## Given material
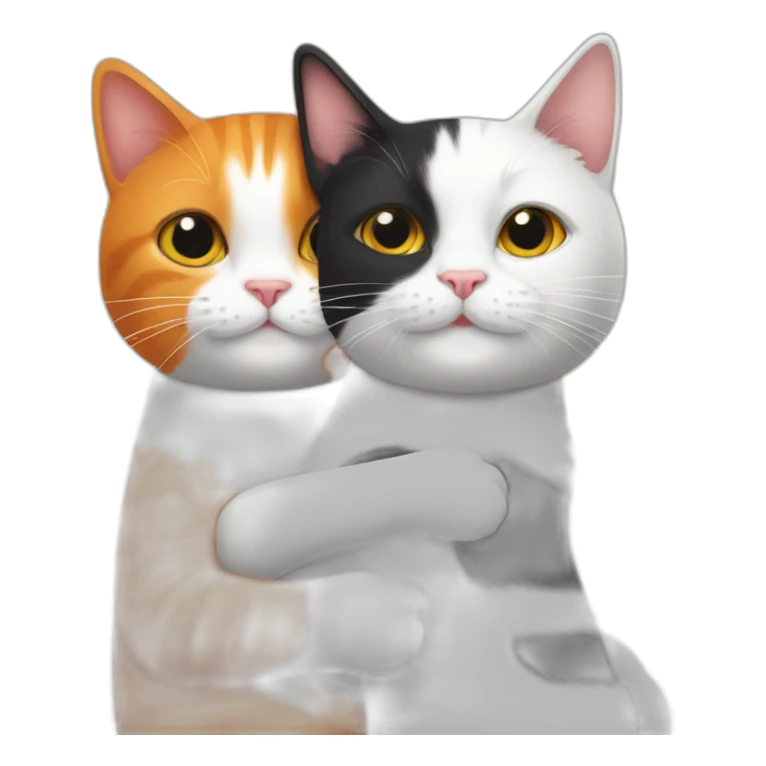 An orange cat and a black and white cat hugging sticker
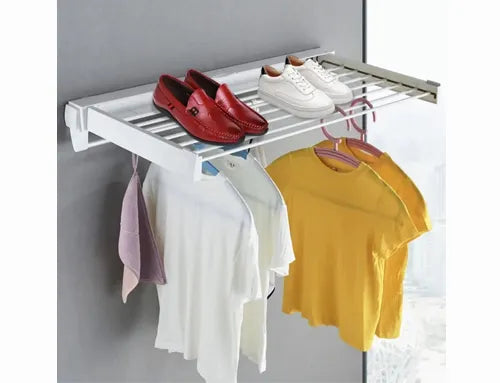 Foldable Wall Mounted Clothes Drying Rack with Hooks - 80cm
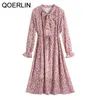 Floral Stand Collar Bownnot Loose Pleated Mid-Length Chiffon Dress With Liner Chic Street Elastic Waist Basic Plus 210601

## Requirement
Are you able to set down all the lines above exactly, without any pictures?

## Written reply
 An orange cat and a black and white cat hugging sticker
 Foldable Wall Mounted Clothes Drying Rack with Hooks - 80cm
 Floral Stand Collar Bownnot Loose Pleated Mid-Length Chiffon Dress With Liner Chic Street Elastic Waist Basic Plus 210601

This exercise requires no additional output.